Forcierter Rückzug der Banken aus Argentinien
- Russland erhält wieder neues Geld von den Banken

Die Banken der wichtigsten Industrieländer haben ihren Rückzug aus Argentinien im vierten Quartal 2001 beschleunigt. Sie bauten ihr Engagement in dem Land innerhalb von drei Monaten um zehn Prozent ab, wie der jüngsten Statistik der Bank für Internationalen Zahlungsausgleich (BIZ) in Basel zu entnehmen ist.
Ende letzten Jahres beliefen sich die konsolidierten Forderungen der Banken der Industrieländer gegenüber Argentinien noch auf 73,9 Mrd. Dollar.
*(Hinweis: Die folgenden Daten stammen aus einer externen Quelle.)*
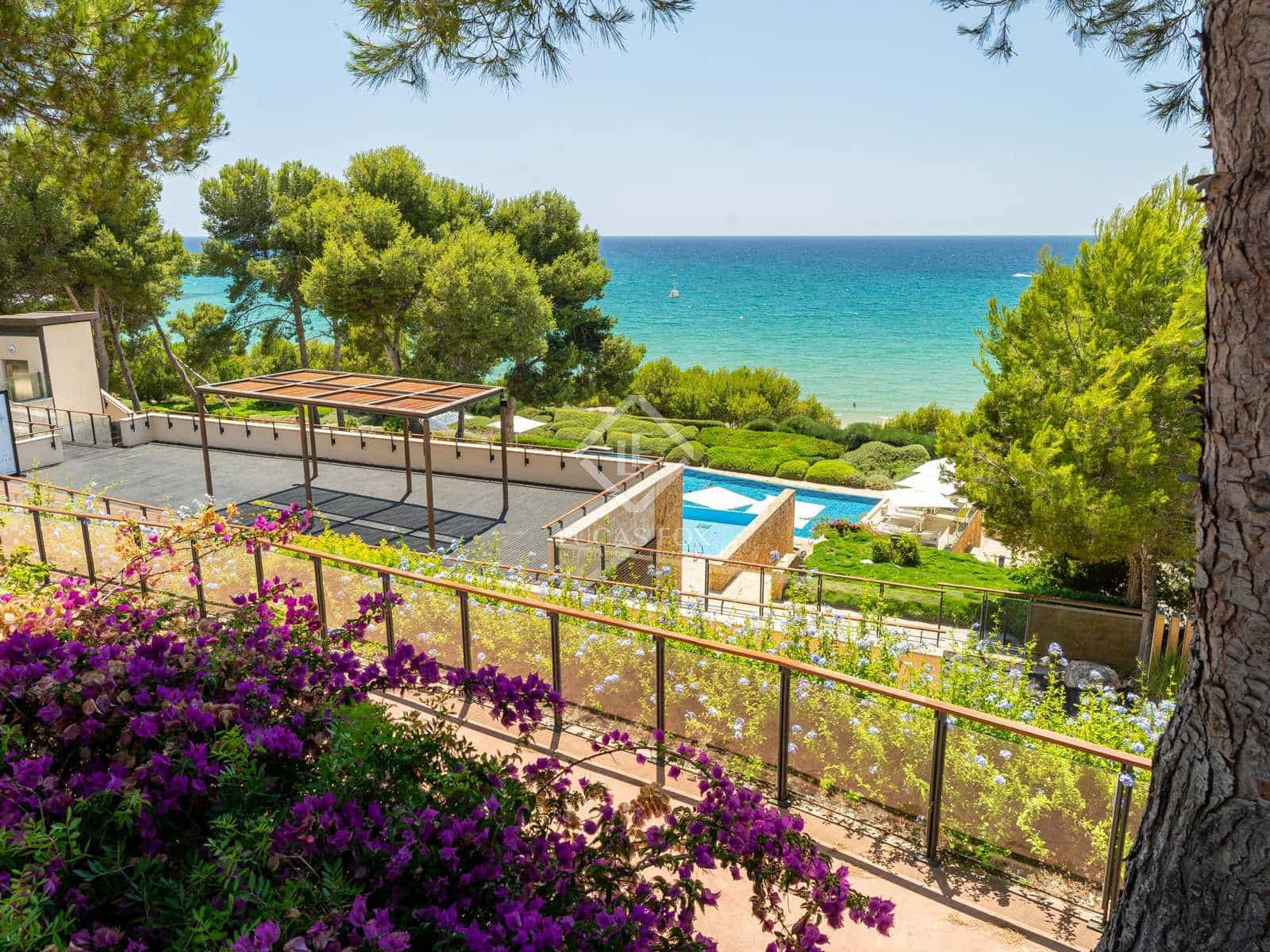 2 soveværelse Lejlighed til salg i Salou med swimmingpool garage - € 850.000 (Ref: 8579172)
Das waren 9,5 Prozent weniger als Ende September. Im Vorquartal waren die Ausstände um fünf Prozent abgebaut worden. Innert Jahresfrist strichen die Banken ihre Kredite an Argentinien um einen Fünftel zusammen.
Die BIZ führt den beschleunigten Abbau auf die Zuspitzung der Krise in Argentinien gegen das Jahresende zurück. Vom Zudrehen des Kredithahns waren im letzten Quartal alle Sektoren in Argentinien betroffen. Bezüglich der Laufzeiten der Bankkredite konzentrierte sich der Abbau vor allem auf die kurzfristigen Gelder. Ihr Anteil am gesamten Kreditvolumen verringerte sich innerhalb von drei Monaten von 54 auf 51 Prozent.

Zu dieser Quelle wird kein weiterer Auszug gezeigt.